Pero por mucho tiempo que pase y por muchos hijos que tengamos, lo que nos sigue sacando de quicio son los cantantes-protesta, adalides de las buenas causas, todas ellas muy nobles sin duda y también muy publicitadas. Los Bob Geldorf, Elton John, Sting y otros desinteresados y entrañables personajes. Pero quien se lleva la palma, el rey de todos esos benefactores sin los cuales el mundo aún sería peor de lo que ya es, responde al nombre de Paul David Hewson, más conocido como Bono.
Que los polos norte y sur, de tanto derretirse están a punto de convertirse en uno, allí está él presto y dispuesto para recordárnoslo.
Que en abril ya no hay aguas mil, pues ahí va Bono, el ubicuo e incansable, al rescate.
Que los indios de la tribu de los atahualpa yupanqui se están quedando sin árboles y no tienen ni para flechas, pues festival que te monto en un plis plas.
Que el imperio austro-húngaro no pasa por sus mejores días, me pongo mis mejores pilas y galas y a reverdecer laureles centroeuropeos.
Con sólo mencionar su nombre, especialmente el más cortito, o con ver de lejos sus gafas de sol, durante años nos salían sarpullidos por toda la epidermis. Pues bien, como decíamos, eso ya no es así. Hasta en eso hemos cambiado. Y todo gracias a nuestro ya irreversible proceso de maduración y a la muchanante entrevista que ponemos a vuestra disposición. A los gaiteros no se nos caen los anillos por reconocer nuestros errores por reiterados y longevos que estos sean.
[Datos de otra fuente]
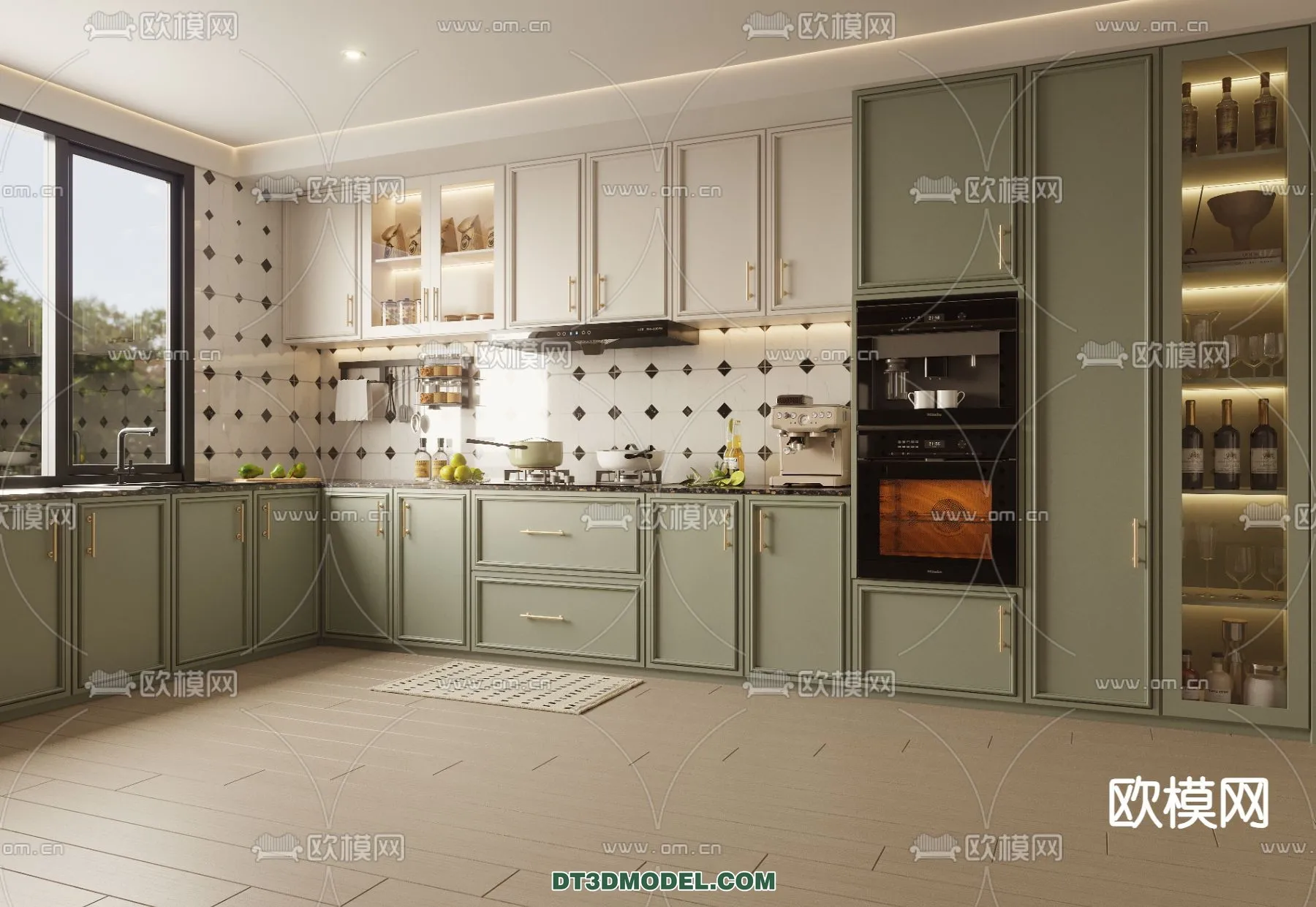 Kitchen – France Style – Interior 3D Scene – 052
Paul David al desnudo. A sus casi cincuenta años, todavía sigue siendo ese chico que un día dejó su Dublín natal en busca de un sueño. Hablando sin tapujos de lo que supone ser una estrella de la música comprometida con su tiempo y nuestro espacio.
Rock y compromiso. Buenas acciones a cascoporro. Y si no, juzgad vosotros mismos.
Un gran tipo ese Bono oye. Y ya puestos, el otro también.